Interface ResultSetCopier
- All Known Implementing Classes:
ResultSetCopierImpl
Works to create full output batches to minimize per-batch overhead and to eliminate unnecessary empty batches if no rows are copied.
The output batches are assumed to have the same schema as input batches. (No projection occurs.) The output schema will change each time the input schema changes. (For an SV4, then the upstream operator must have ensured all batches covered by the SV4 have the same schema.)
This implementation works with a single stream of batches which, following Drill's rules, must consist of the same set of vectors on each non-schema-change batch.
Protocol
Overall lifecycle:- Create an instance of the
ResultSetCopierImpl
class, passing the input row set reader to the constructor. - Loop to process each output batch as shown below. That is, continually
process calls to the
BatchIterator.next()
method. - Call
close()
.
To build each output batch:
public IterOutcome next() {
copier.startOutputBatch();
while (!copier.isFull() {
IterOutcome innerResult = inner.next();
if (innerResult == DONE) { break; }
copier.startInputBatch();
copier.copyAllRows();
}
if (copier.hasRows()) {
outputContainer = copier.harvest();
return outputContainer.isSchemaChanged() ? OK_NEW_SCHEMA ? OK;
} else { return DONE; }
}
The above assumes that the upstream operator can be polled multiple times in the DONE state. The extra polling is needed to handle any in-flight copies when the input exhausts its batches.

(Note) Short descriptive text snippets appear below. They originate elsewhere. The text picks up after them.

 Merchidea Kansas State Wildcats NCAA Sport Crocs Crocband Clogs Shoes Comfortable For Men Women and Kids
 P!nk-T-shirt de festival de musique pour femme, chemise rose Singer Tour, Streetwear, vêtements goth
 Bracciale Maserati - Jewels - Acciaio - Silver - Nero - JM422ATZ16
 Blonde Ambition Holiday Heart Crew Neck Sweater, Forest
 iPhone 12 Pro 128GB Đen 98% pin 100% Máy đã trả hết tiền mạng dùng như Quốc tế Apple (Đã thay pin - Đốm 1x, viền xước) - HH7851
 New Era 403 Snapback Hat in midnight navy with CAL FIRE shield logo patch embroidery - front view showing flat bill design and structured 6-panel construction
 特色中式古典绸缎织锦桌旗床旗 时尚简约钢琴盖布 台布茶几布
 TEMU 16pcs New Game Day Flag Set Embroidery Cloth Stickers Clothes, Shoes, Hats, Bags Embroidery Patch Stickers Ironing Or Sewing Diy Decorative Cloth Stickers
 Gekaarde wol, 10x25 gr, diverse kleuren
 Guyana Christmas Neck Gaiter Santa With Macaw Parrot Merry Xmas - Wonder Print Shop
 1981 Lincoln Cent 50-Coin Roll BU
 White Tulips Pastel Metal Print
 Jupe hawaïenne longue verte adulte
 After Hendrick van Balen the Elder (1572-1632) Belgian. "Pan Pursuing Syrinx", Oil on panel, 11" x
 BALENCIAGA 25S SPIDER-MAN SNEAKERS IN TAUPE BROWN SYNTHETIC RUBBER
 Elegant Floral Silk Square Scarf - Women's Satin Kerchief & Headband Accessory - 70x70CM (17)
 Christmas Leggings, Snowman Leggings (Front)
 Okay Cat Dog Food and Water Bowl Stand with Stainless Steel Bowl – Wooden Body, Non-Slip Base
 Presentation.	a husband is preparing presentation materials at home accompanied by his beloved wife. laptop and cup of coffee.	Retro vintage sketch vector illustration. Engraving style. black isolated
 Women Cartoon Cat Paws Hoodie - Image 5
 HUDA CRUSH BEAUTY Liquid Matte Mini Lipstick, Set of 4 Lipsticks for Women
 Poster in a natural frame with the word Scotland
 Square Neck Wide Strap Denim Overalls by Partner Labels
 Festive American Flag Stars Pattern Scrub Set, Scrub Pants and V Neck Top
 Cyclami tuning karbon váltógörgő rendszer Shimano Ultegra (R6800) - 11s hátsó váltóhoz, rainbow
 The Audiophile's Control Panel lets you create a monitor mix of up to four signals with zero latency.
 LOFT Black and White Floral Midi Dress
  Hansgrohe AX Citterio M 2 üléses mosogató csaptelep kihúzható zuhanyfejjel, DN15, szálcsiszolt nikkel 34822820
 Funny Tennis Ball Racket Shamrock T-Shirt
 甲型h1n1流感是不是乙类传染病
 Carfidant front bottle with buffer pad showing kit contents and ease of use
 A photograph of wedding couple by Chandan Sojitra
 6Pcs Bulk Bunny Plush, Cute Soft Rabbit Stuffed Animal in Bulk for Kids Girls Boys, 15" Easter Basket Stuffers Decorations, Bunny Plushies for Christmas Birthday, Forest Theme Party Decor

The above also shows that the copier handles and reports schema changes by setting the schema change flag in the output container. Real code must handle multiple calls to next() in the DONE state, and work around lack of such support in its input (perhaps by tracking a state.)
An input batch is processed by copying the rows. Copying can be done row-by row, via a row range, or by copying the entire input batch as shown in the example. Copying the entire batch make sense when the input batch carries as selection vector that identifies which rows to copy, in which order.
Because we wish to fill the output batch, we may be able to copy part of a batch, the whole batch, or multiple batches to the output.
-
Method Summary
Modifier and TypeMethodDescriptionvoid
close()
Release resources, including any pending input batch and any non-harvested output batch.void
Copy all (remaining) input rows to the output.boolean
If copying rows one by one, copy the next row from the input.void
copyRow
(int inputRowIndex) Copy a row at the given position.harvest()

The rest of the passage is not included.